*Task to complete*
Your answer must be an exact copy of the entries below, with every picture removed.

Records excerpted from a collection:
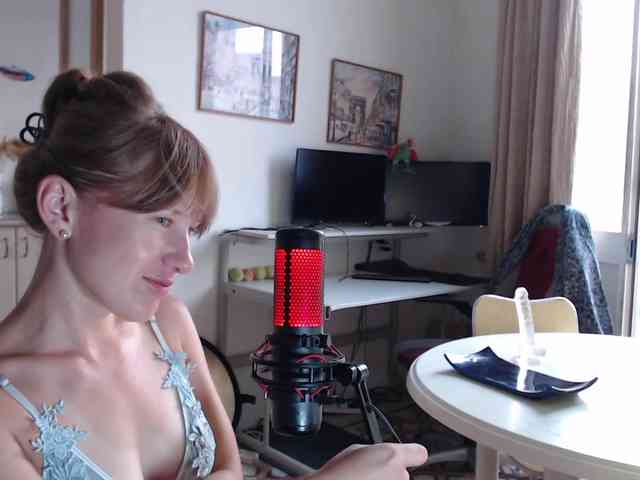 lilcumminfox webcam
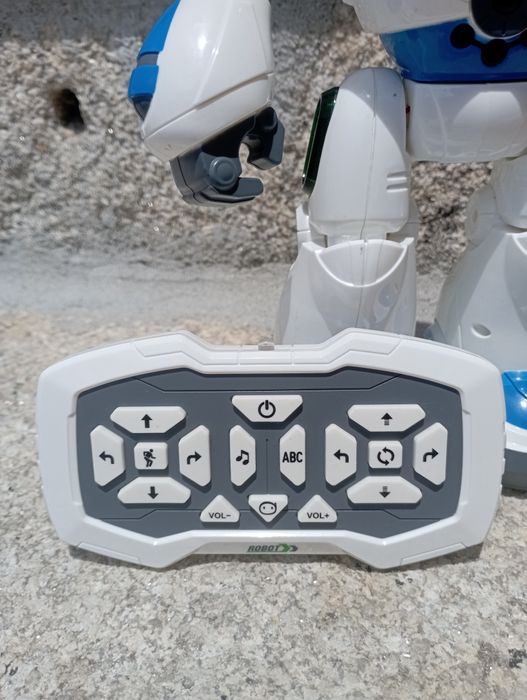 Robô Interativo c Comando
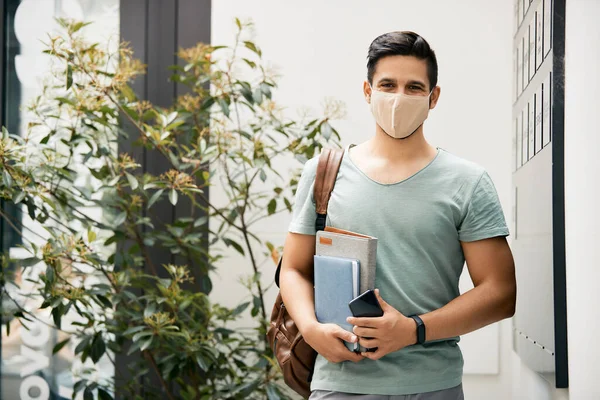 Χαρούμενος Μαθητής Που Φοράει Προστατευτική Μάσκα Προσώπου Στο Διάδρομο Του — Φωτογραφία Αρχείου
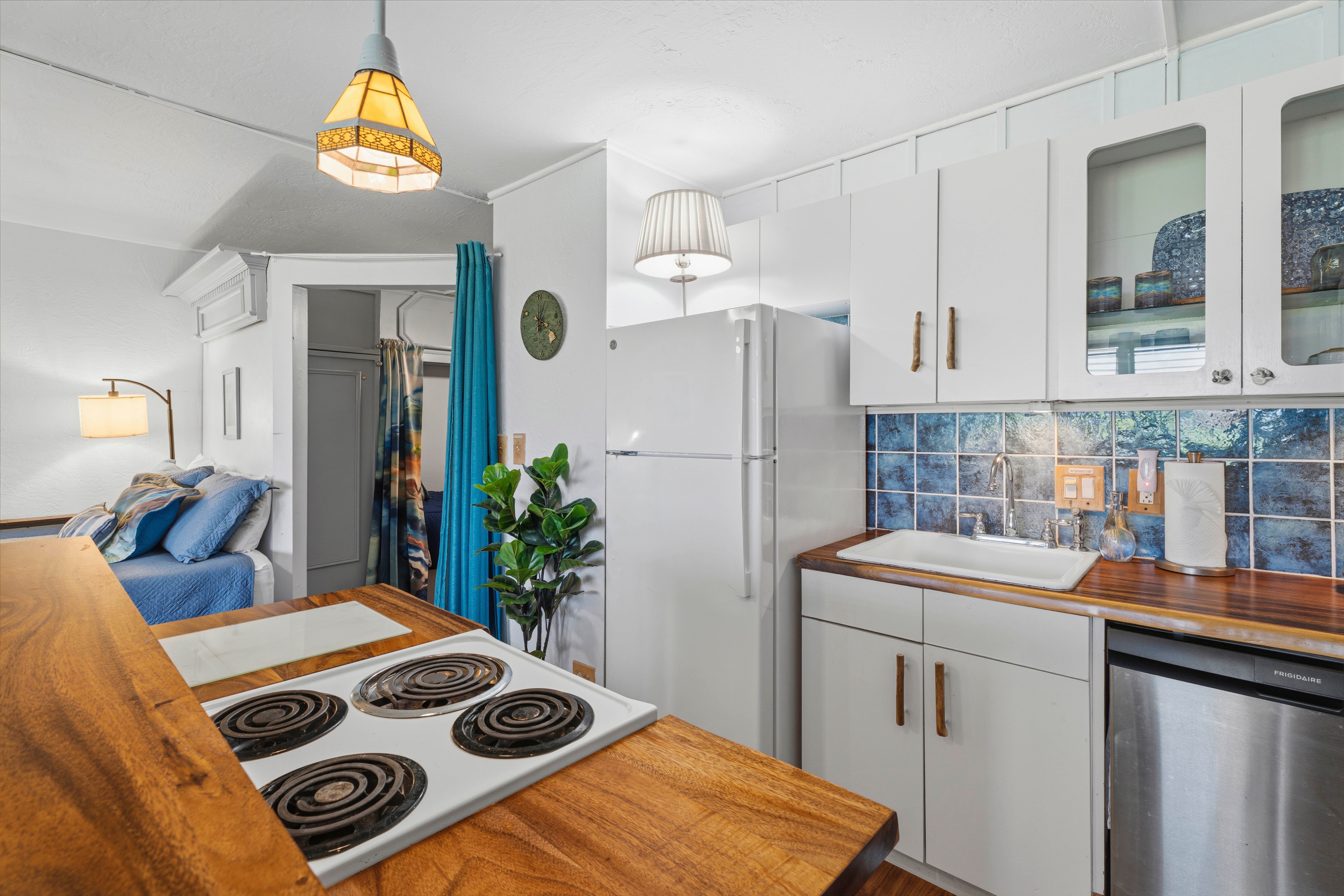 68-1761 MELIA ST B4BS2
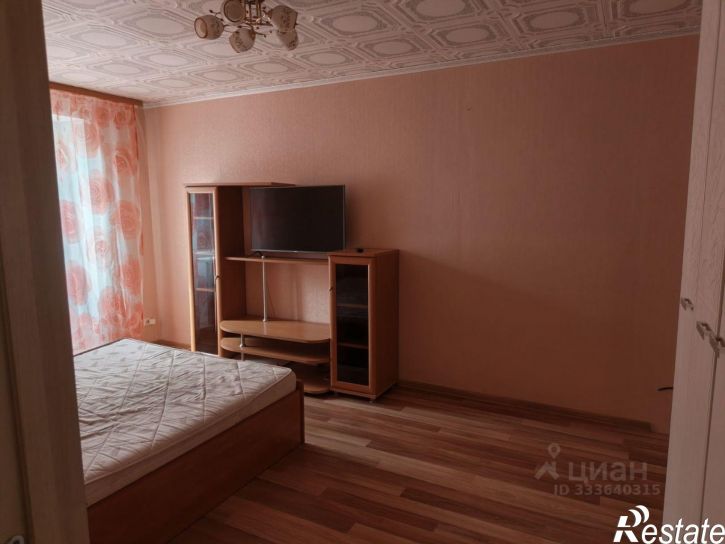 2-комн квартира улица Виталия Жалнина, 9,  д. 9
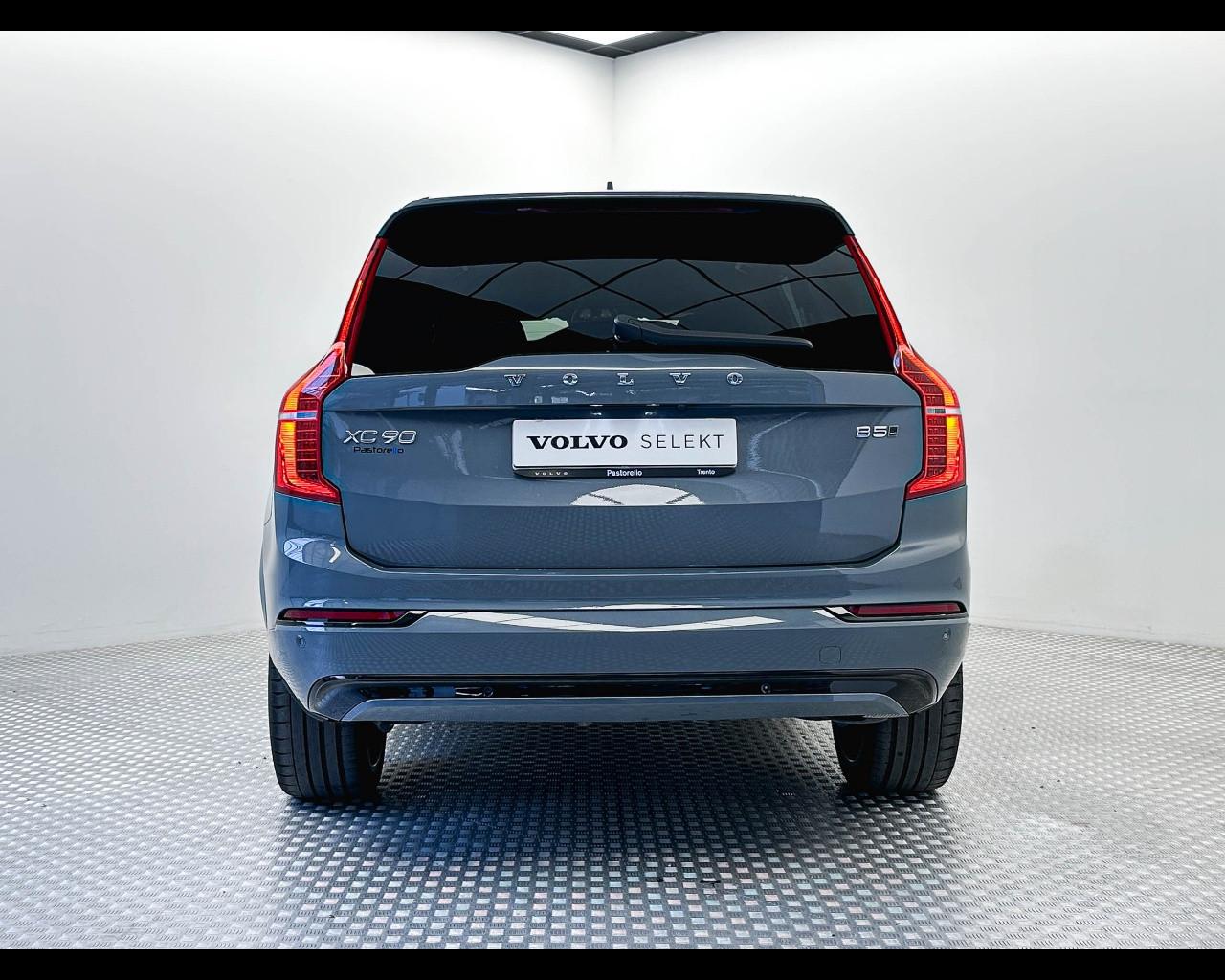 VOLVO XC90 (2014-->) - XC90 B5 (d) AWD automatico 7 posti Plus Dark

*Answer section*
 lilcumminfox webcam
 Robô Interativo c Comando
 Χαρούμενος Μαθητής Που Φοράει Προστατευτική Μάσκα Προσώπου Στο Διάδρομο Του — Φωτογραφία Αρχείου
 68-1761 MELIA ST B4BS2
 2-комн квартира улица Виталия Жалнина, 9,  д. 9
 VOLVO XC90 (2014-->) - XC90 B5 (d) AWD automatico 7 posti Plus Dark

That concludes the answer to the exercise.